Customers have shown A LOT of interest in SQL Server 2005, Visual Studio 2005, and BizTalk 2006. And customers are ready to learn about the products' new features because they're already making business decisions that will require getting the most out of those products. Microsoft has encouraged all this pre-planning because it can't afford low or slow adoption. The company has made large investments in these products and must do whatever it takes to get the world using them sooner rather than later. This is the reason for the huge number of conferences, one-day events, and Webcasts that Microsoft has been funding--and the stellar quality of speakers Microsoft has been staffing conferences with for the last calendar year. Microsoft realizes that the more IT professionals know about the new products, the better the chances are that the world will use them immediately. Otherwise, sales will flounder, and Microsoft's return on investment will be a long road.

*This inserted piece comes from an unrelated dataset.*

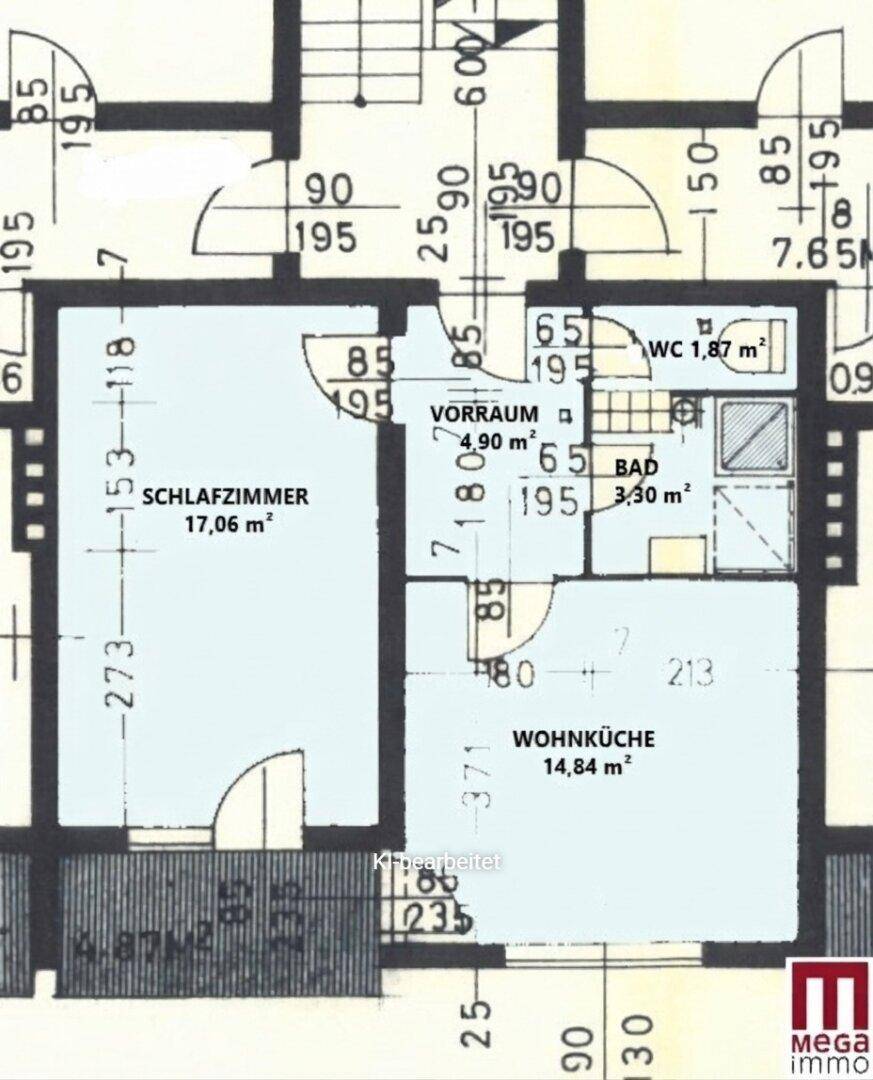 Grundriss einer Wohnung mit Schlafzimmer, offener Wohnküche, Badezimmer und separatem WC.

What this means for the average SQL Server, Visual Studio, and BizTalk customer is that the opportunity for high-quality, forward-thinking education about these products has never been better. So if you haven't been able to get your boss to let you go to a fall conference, make sure to schedule a one-day special event and immediately start petitioning for a spring conference. And in the meantime, don't sit dormant! There are tons of quality on-demand webcasts at Windows IT Pro Magazine ( ) and Microsoft ( ).